● Brief:
An exact copy of the listing below is needed, with no pictures in it.

● Available data:

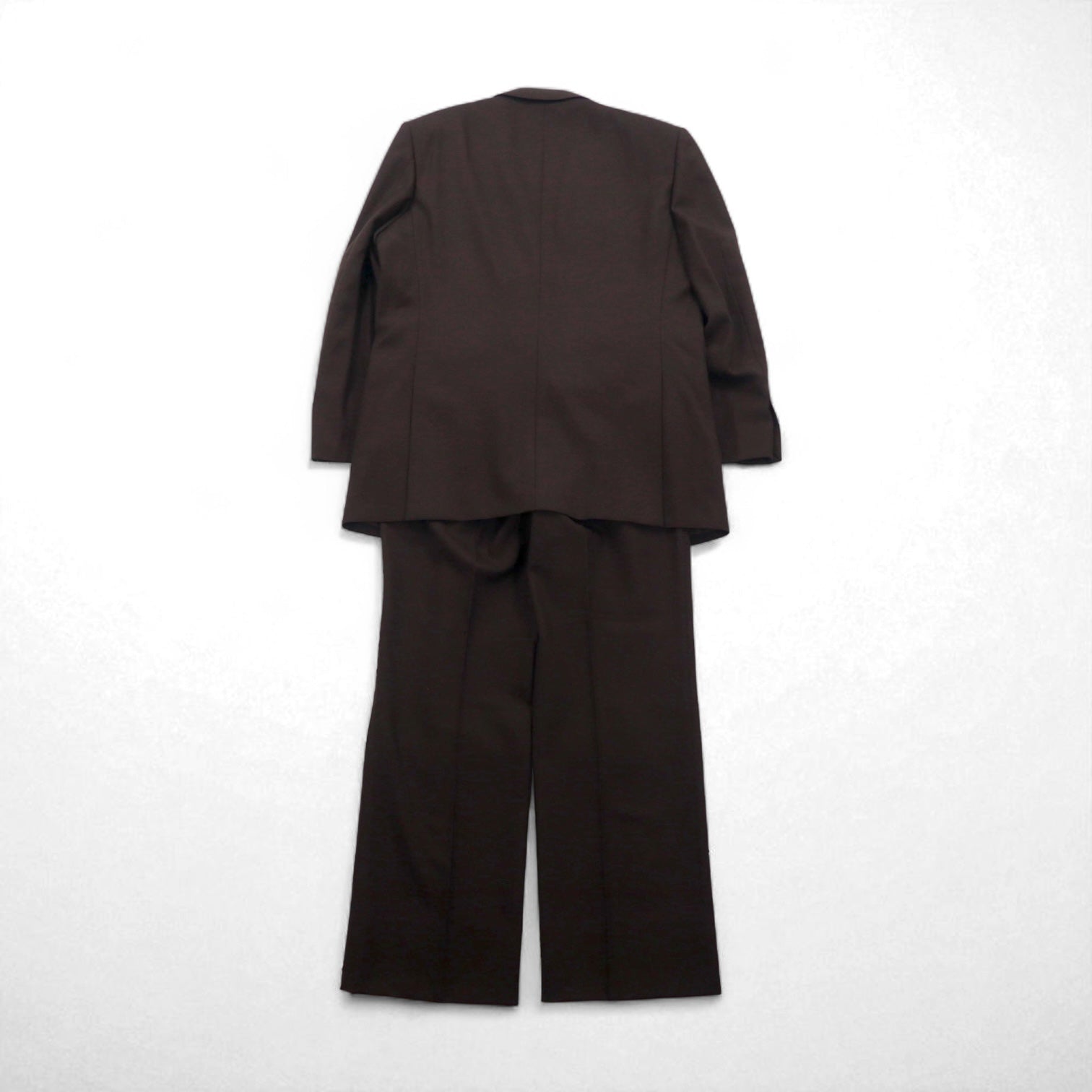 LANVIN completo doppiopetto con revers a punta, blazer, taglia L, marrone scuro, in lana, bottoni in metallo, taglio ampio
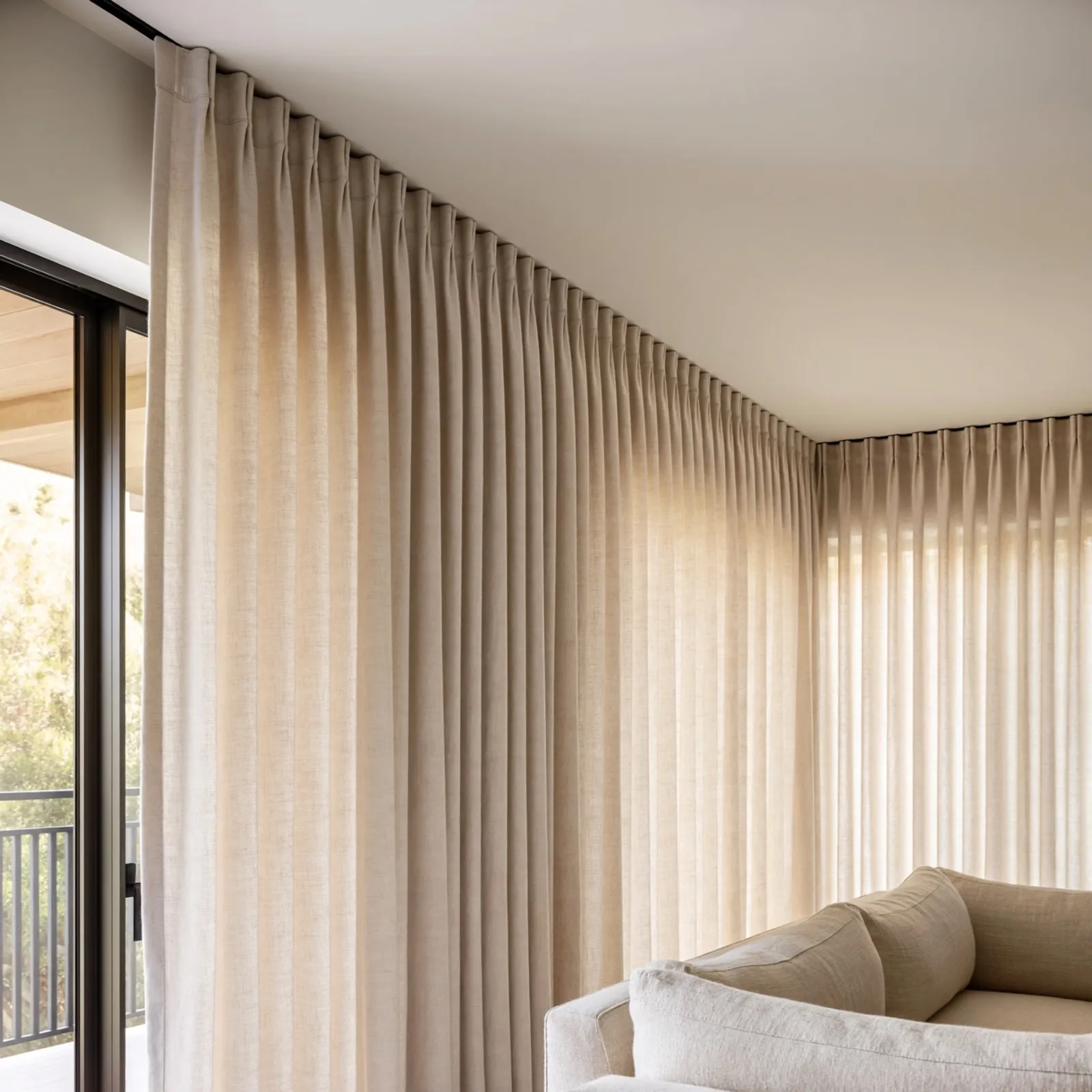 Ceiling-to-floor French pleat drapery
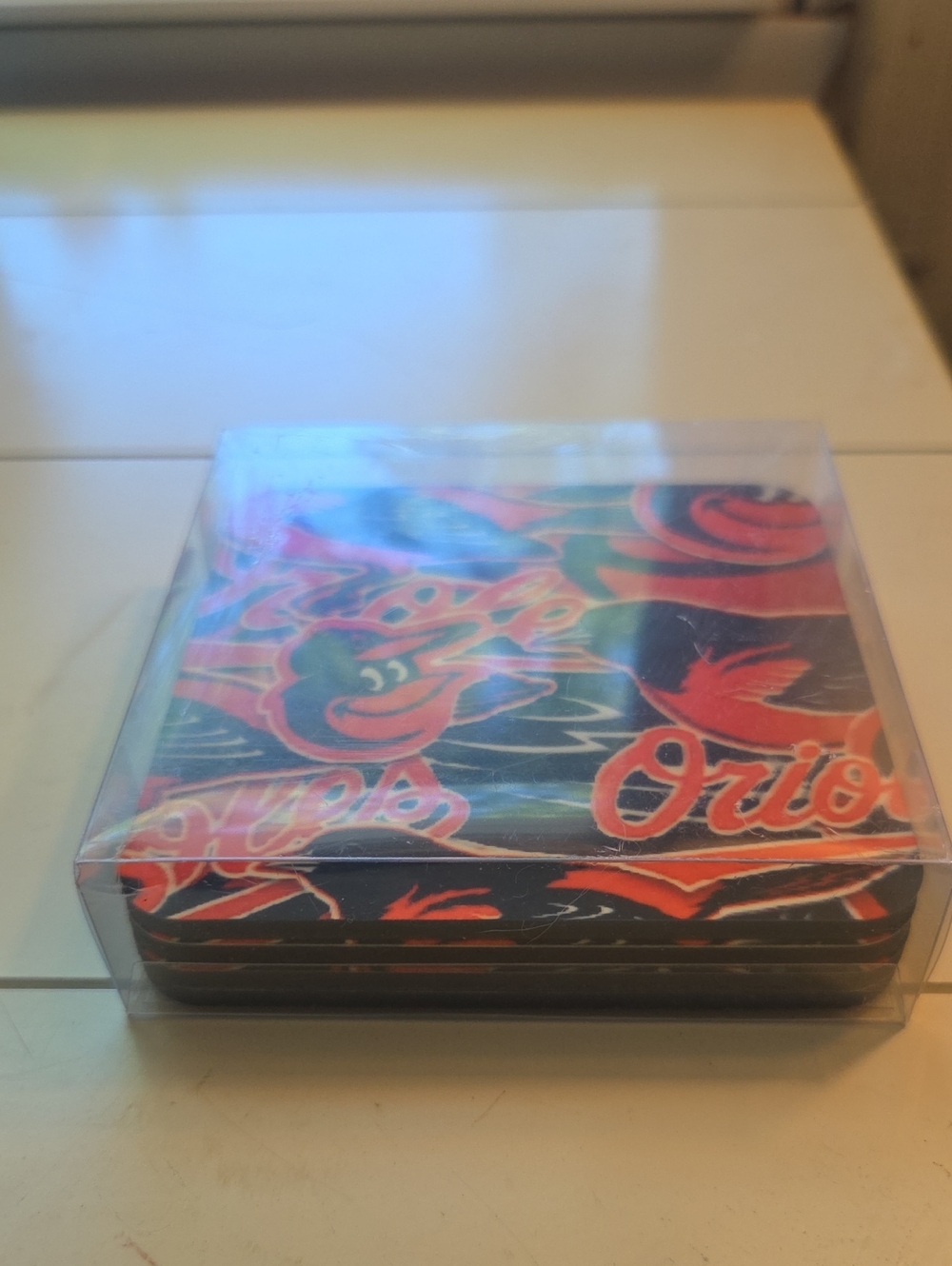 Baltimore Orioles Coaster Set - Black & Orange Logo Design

● Response to this task:
 LANVIN completo doppiopetto con revers a punta, blazer, taglia L, marrone scuro, in lana, bottoni in metallo, taglio ampio
 Ceiling-to-floor French pleat drapery
 Baltimore Orioles Coaster Set - Black & Orange Logo Design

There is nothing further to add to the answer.